Un controllore di un autobus del servizio pubblico è stato aggredito in modo premeditato. A denunciare l’accaduto è la Cisl trasporti, che torna a chiedere un rafforzamento della sicurezza e dei controlli nel trasporto pubblico locale, in particolare nel territorio aretino.
La vittima è un dipendente di Holacheck, società esterna che collabora con Autolinee toscane. «Siamo qui a denunciare l’ennesimo episodio di violenza avvenuto su un autobus di servizio pubblico – sottolinea Luca Attoniti, segretario Ust Cisl Arezzo -. È stato colpito in maniera premeditata un controllore dipendente della società Holacheck, azienda esterna che collabora con Autolinee toscane. Si tratta di un episodio gravissimo, che ancora una volta ci porta a chiedere alle aziende di investire maggiormente nel settore dei verificatori».
La carenza di personale nel Sud toscana
Il problema, secondo il sindacato, è strutturale. Nel Sud toscana ci sarebbero «soltanto due verificatori interni di ruolo, a fronte di un territorio vastissimo», come spiega Attoniti. Sul territorio aretino la situazione sarebbe ancora più critica: «Siamo quasi completamente assenti e non possiamo pensare di controllare un’area così ampia senza un adeguato numero di operatori».
La Cisl ha quindi chiesto ad Autolinee toscane, anche attraverso le risorse messe a disposizione dalla regione Toscana in qualità di ente concedente, di istituire squadre stabili di verifica nei territori di Arezzo, Siena e Grosseto. «Abbiamo chiesto di prevedere, per ogni territorio, squadre composte da almeno tre o quattro persone – spiega Attoniti -. Non soltanto per verificare i titoli di viaggio, ma per monitorare il territorio, intercettare le esigenze e soprattutto garantire maggiore sicurezza all’interno del servizio pubblico, educando anche a un uso corretto del trasporto».
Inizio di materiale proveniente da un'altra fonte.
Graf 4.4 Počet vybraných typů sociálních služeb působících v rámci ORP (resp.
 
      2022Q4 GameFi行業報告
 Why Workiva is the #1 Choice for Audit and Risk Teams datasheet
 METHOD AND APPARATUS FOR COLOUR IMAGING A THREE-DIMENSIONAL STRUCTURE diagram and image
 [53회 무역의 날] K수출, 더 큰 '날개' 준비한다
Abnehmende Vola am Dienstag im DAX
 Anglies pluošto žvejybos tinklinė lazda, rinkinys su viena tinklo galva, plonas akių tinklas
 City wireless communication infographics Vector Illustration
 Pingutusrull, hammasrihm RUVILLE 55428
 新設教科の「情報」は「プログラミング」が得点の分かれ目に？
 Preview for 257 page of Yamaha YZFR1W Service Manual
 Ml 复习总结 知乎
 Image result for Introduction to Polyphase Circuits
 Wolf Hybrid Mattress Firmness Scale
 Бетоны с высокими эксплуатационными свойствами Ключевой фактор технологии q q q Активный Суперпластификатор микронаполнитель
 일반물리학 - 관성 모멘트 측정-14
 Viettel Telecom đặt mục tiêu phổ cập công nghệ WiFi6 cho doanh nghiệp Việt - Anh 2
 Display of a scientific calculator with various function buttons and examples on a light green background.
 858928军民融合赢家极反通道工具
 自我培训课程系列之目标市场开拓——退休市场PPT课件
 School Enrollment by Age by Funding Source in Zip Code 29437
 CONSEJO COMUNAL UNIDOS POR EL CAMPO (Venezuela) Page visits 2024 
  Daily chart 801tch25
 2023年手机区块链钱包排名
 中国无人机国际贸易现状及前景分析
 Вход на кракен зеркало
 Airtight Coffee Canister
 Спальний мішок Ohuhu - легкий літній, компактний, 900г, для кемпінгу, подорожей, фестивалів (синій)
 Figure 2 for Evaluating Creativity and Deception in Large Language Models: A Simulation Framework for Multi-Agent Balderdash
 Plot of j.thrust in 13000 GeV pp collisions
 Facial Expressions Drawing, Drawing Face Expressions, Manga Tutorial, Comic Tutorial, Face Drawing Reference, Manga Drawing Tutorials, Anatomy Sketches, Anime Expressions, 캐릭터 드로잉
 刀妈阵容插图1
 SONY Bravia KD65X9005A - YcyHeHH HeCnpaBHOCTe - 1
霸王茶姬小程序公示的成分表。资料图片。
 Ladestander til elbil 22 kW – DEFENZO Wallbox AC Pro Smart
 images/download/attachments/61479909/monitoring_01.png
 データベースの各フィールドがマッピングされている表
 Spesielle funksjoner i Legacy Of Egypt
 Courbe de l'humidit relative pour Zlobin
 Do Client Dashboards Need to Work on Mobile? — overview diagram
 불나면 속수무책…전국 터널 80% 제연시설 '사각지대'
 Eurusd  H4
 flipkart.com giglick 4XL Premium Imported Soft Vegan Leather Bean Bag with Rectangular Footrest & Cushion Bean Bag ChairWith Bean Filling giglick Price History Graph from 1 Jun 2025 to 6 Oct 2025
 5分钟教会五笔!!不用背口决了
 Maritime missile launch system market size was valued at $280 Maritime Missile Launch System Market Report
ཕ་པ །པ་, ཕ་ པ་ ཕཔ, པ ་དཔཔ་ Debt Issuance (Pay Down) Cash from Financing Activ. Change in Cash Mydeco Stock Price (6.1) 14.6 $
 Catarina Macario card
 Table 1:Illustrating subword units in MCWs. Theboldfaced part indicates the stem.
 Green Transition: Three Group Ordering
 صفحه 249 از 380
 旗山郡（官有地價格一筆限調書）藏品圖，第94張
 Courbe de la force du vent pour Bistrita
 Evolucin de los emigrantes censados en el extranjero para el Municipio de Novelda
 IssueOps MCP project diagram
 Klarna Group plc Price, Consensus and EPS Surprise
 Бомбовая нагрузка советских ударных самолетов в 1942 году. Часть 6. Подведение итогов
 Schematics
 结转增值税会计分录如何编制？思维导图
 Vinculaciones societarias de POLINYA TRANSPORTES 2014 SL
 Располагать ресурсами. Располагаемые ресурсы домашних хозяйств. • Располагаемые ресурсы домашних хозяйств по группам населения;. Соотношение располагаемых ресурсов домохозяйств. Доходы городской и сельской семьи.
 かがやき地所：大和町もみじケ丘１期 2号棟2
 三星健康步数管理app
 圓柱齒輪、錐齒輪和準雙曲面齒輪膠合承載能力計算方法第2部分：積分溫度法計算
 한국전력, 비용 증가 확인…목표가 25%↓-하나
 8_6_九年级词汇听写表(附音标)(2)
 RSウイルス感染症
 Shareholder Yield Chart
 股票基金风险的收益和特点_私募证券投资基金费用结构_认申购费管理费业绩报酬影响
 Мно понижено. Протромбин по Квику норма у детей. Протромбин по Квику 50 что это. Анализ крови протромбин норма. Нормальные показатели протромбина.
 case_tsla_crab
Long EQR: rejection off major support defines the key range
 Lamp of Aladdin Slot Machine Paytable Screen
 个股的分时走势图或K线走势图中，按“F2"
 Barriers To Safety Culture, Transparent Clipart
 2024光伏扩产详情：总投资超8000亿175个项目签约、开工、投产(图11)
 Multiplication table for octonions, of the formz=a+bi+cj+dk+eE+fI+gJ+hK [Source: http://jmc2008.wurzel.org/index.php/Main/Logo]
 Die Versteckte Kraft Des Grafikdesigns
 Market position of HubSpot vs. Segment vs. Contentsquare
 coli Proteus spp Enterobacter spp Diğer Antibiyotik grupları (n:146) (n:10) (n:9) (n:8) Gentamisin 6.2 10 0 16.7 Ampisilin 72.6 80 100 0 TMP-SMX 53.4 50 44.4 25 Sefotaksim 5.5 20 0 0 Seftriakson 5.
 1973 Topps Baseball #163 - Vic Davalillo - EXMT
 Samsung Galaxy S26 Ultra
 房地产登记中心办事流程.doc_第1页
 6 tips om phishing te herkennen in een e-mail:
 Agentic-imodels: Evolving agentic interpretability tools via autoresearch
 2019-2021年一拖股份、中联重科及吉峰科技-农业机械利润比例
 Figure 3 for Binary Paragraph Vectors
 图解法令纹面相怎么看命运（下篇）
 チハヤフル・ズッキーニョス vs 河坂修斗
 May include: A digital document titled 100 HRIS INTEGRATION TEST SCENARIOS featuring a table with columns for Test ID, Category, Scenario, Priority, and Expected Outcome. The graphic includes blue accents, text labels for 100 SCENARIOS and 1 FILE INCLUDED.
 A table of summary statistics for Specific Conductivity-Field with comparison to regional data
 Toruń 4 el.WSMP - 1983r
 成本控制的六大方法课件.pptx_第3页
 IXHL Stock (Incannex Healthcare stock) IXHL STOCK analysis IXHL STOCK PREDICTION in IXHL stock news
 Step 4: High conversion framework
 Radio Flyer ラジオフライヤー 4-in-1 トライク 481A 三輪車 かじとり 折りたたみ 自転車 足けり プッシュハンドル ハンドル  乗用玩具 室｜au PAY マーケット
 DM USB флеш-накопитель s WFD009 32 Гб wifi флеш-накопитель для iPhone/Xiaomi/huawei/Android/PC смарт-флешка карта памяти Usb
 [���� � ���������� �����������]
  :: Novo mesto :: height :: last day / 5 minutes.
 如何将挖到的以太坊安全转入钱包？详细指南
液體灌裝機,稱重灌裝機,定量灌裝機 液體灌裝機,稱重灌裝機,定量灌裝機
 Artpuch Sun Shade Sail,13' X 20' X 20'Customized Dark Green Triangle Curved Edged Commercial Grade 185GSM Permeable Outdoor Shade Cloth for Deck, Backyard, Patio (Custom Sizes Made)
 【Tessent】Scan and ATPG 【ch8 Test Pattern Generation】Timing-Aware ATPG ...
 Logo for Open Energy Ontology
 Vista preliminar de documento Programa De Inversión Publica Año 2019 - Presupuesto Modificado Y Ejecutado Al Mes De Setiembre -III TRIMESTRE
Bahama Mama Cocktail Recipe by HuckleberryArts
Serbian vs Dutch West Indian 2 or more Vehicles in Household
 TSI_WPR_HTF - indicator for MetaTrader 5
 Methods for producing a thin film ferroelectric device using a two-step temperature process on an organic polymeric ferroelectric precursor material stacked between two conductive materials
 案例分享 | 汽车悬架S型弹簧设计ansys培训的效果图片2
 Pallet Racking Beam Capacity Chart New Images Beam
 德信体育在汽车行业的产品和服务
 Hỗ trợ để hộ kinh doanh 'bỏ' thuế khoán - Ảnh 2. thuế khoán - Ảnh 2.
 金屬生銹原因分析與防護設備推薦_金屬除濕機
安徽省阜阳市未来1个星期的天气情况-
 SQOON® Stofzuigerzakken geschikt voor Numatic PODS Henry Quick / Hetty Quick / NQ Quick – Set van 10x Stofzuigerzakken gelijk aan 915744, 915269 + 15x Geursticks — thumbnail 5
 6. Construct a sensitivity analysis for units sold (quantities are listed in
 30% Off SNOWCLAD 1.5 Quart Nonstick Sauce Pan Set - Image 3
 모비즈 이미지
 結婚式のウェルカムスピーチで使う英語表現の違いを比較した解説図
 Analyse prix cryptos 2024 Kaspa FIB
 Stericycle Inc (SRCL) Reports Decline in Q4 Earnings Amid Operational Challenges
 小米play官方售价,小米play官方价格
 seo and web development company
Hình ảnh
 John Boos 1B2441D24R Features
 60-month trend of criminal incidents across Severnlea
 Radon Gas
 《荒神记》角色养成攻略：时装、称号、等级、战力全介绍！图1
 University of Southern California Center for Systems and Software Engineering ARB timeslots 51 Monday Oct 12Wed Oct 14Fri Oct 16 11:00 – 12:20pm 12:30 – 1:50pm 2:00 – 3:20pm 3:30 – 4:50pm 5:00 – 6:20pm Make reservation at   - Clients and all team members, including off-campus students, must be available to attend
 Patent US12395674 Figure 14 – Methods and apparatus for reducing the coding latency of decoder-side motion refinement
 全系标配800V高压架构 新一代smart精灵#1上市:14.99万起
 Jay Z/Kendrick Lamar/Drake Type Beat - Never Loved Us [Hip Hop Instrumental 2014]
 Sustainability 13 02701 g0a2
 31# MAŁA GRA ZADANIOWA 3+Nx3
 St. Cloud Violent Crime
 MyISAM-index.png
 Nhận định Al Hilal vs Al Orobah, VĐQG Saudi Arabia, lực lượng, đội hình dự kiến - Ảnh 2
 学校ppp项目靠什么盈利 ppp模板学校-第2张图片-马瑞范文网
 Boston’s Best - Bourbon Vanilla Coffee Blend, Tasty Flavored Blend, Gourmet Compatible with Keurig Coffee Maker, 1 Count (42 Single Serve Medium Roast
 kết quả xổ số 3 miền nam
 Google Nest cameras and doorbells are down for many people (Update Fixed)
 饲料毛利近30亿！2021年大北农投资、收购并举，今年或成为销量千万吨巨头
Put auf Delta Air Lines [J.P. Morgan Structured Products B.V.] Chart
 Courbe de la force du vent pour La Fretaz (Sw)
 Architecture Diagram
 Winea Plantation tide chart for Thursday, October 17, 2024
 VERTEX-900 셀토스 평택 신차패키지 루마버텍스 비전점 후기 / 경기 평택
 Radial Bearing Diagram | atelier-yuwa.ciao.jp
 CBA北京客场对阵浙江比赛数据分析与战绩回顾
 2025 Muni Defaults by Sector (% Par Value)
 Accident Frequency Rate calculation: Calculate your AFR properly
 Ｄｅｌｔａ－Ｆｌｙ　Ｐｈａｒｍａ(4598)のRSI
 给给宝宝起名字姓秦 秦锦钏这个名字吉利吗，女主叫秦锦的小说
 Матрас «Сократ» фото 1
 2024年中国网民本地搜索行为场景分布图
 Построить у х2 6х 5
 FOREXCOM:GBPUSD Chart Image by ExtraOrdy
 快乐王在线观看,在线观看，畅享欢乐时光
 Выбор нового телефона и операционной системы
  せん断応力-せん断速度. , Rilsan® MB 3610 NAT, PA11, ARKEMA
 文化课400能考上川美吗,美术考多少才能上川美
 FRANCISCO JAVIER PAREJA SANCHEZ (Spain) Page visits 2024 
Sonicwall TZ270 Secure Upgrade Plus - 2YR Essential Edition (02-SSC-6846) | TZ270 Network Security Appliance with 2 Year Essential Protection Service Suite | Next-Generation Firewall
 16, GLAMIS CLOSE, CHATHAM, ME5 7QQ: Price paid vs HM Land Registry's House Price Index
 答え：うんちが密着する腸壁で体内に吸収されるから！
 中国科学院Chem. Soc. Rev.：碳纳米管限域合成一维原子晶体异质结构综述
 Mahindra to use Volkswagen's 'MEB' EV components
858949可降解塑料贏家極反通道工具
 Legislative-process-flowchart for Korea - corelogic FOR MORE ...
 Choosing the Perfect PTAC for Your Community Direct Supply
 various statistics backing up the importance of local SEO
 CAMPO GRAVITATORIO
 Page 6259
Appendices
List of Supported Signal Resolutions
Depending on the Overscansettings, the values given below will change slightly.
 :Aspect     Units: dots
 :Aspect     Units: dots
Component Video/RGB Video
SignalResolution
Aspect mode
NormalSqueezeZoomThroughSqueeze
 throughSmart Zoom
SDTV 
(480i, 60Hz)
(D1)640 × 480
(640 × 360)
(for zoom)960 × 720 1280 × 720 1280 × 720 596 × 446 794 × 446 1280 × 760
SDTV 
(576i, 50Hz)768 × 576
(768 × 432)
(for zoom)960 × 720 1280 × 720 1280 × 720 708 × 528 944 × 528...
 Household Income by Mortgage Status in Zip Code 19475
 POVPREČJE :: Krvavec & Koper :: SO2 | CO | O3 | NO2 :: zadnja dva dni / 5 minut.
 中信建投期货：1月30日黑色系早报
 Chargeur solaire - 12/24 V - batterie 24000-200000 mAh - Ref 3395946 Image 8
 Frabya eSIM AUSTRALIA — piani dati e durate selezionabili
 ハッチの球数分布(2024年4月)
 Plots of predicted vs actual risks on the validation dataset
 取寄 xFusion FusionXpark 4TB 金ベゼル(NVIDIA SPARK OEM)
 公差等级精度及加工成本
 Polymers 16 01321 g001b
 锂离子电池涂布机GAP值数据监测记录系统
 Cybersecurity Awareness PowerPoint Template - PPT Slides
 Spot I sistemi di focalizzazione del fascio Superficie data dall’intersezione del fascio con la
Il rilancio della cabina di regia con la prefettura
Il sindacato chiede anche di riattivare il confronto istituzionale. «Negli ultimi anni abbiamo aperto una cabina di regia con la prefettura di Arezzo, inserita in un coordinamento regionale che fa capo alla prefettura di Firenze. Come organizzazioni sindacali e come Confederazione dovremo riprendere sin da subito questo percorso con il nuovo prefetto di Arezzo, perché il fenomeno delle aggressioni è in crescita».
I numeri confermano la preoccupazione. «Negli ultimi anni – aggiunge Attoniti – abbiamo registrato circa dieci aggressioni, considerando sia l’ambito ferroviario sia quello del trasporto su gomma. Sono fenomeni che devono essere monitorati e affrontati attraverso una collaborazione concreta tra aziende, gestori del servizio pubblico locale, organizzazioni sindacali e istituzioni».
Dopo l’episodio più recente, il sindacato riferisce di aver ricevuto rassicurazioni dall’azienda sulla tutela del dipendente coinvolto, anche dal punto di vista legale. «Questa escalation deve essere fermata – conclude Attoniti -. Serve una soluzione condivisa con le forze dell’ordine, le organizzazioni sindacali e le aziende, nell’interesse degli operatori e dei cittadini. Ci aspettiamo che dai primi giorni di ottobre vengano finalmente istituite le squadre di verifica in tutti i territori della Toscana del Sud, a partire da Arezzo, per affiancare il personale Holacheck nei servizi di verifica dei titoli a bordo».